Data for this task:
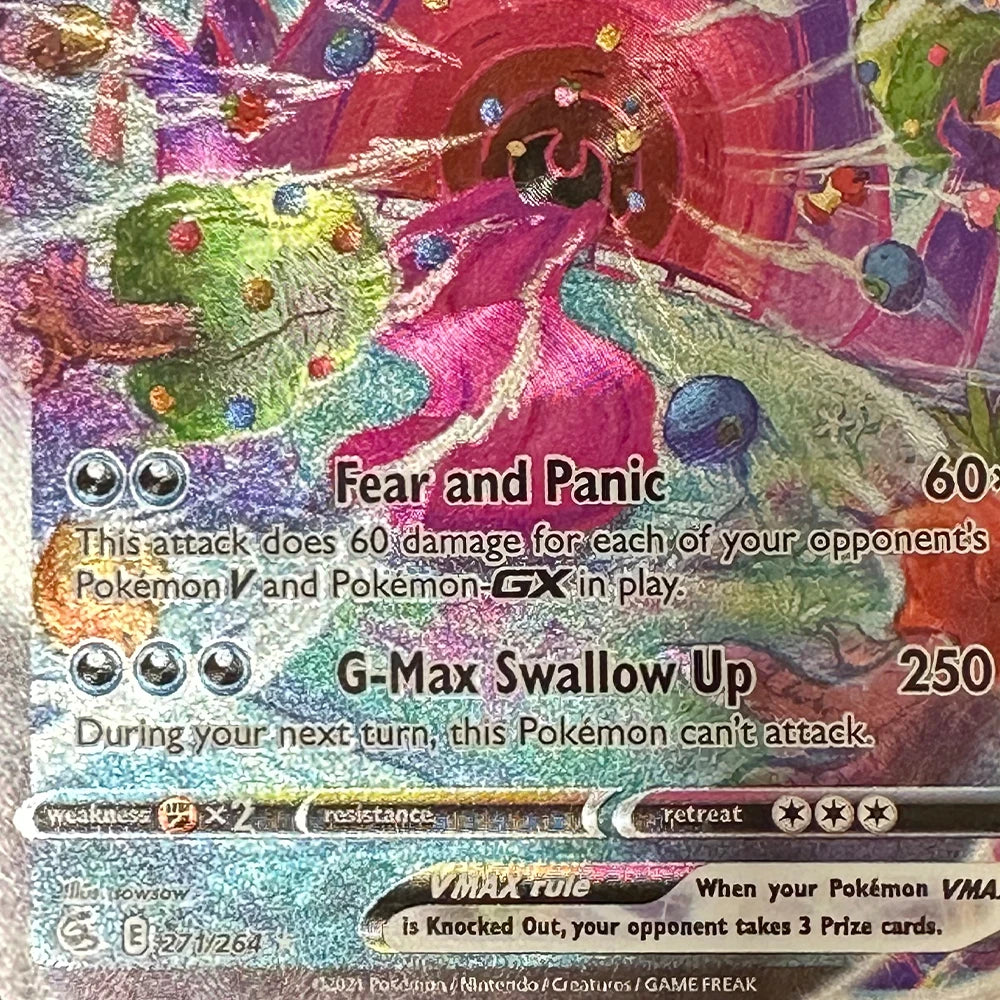 PTCG Game Collection Cards 63*88mm Anime Gengar VMAX Swallow Up English Version Refractive Colorful Flash Texture Child Gift Toy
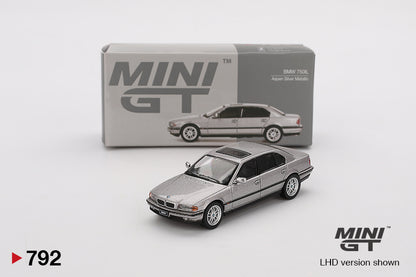 Mini GT BMW 750IL Aspen Silver Metallic Blister Packaging MGT00792 1/64 Diecast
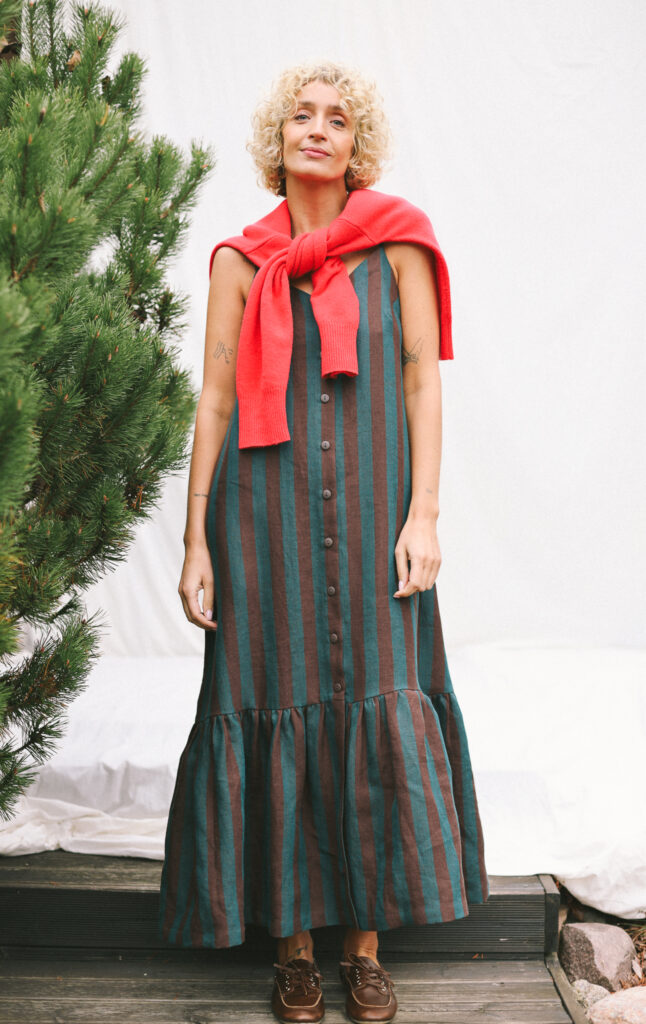 Linen Sleveless Adjustable Strap Dress With Ruffled Hem | Dress | Sustainable clothing | OffOn clothing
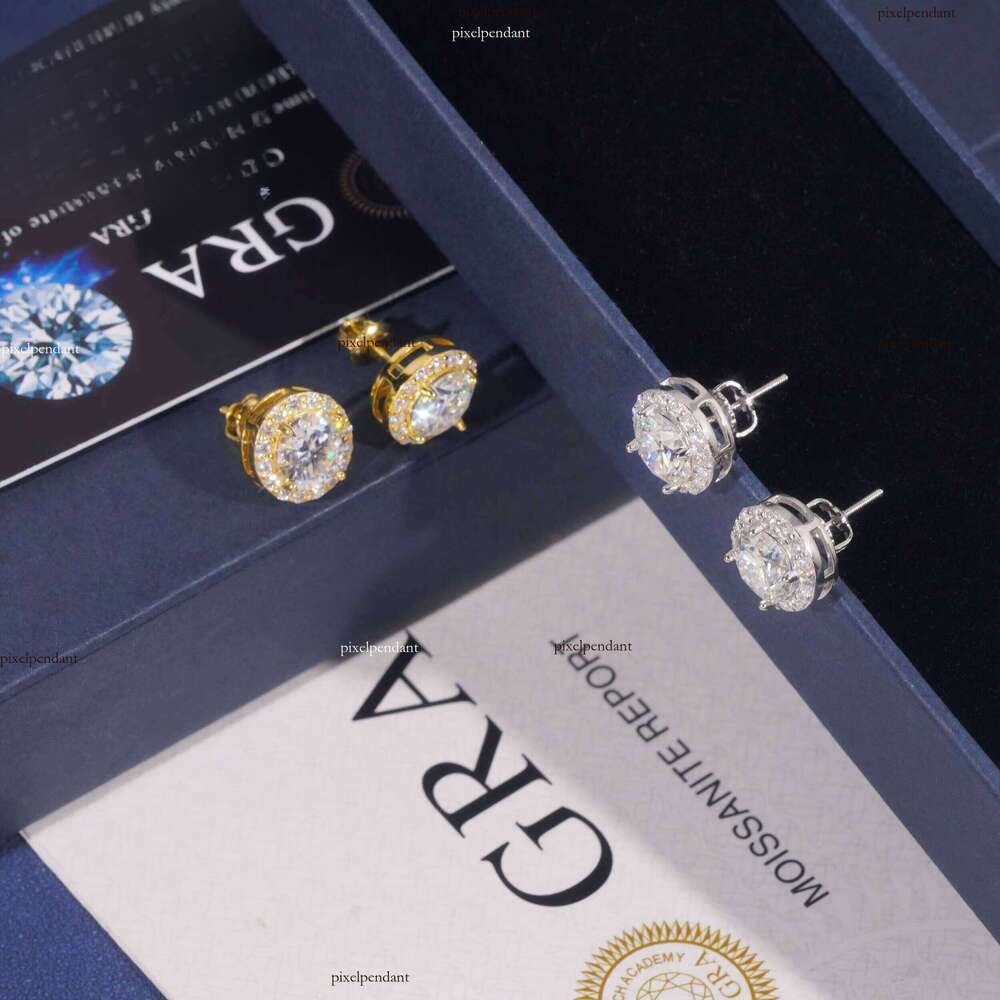 Ready to Ship Pass Tester Iced Out Boutique Hip Hop Jewelry Screw Back S VVS Moissanite Stud Women Earrings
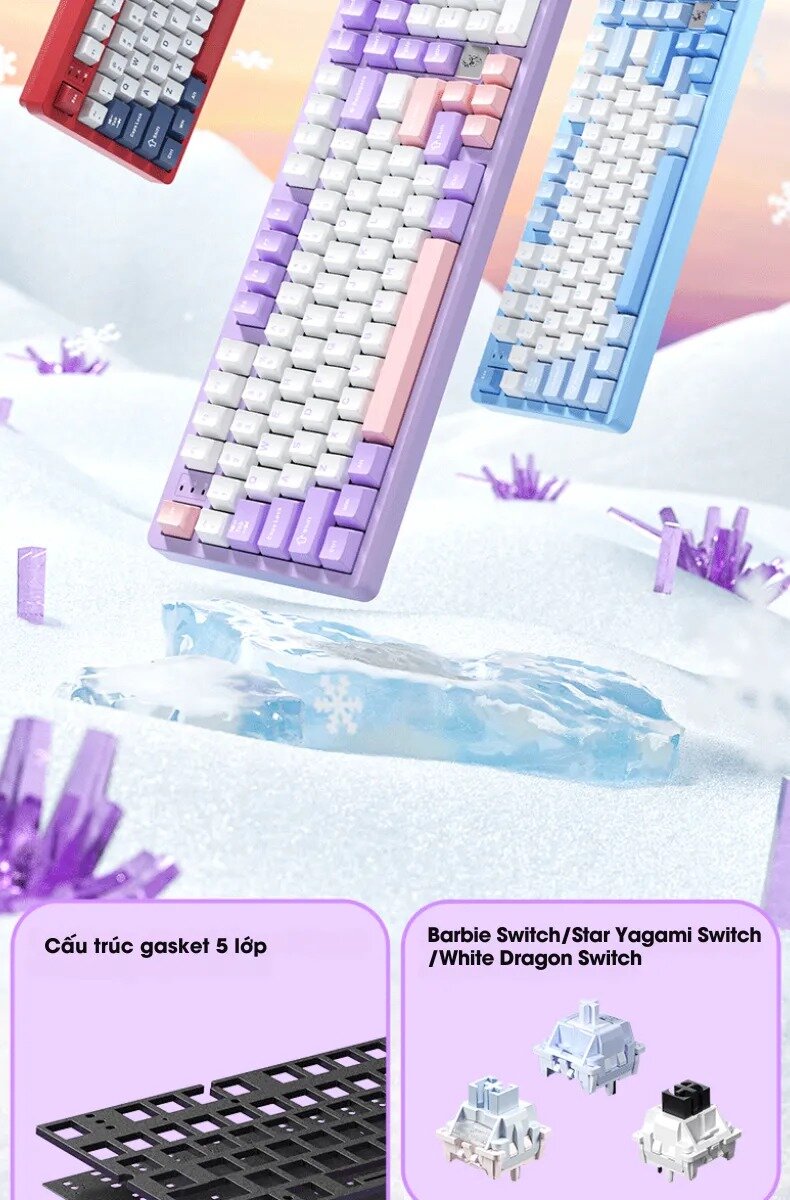 Bàn phím cơ LEOBOG Hi98 (Trắng / White dragon switch) 2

Problem to work on: Please output exactly the lines from the line containing "Ready to Ship" through the last line of the records above, both included, and leave out any pictures.

Exercise output:
 Ready to Ship Pass Tester Iced Out Boutique Hip Hop Jewelry Screw Back S VVS Moissanite Stud Women Earrings
 Bàn phím cơ LEOBOG Hi98 (Trắng / White dragon switch) 2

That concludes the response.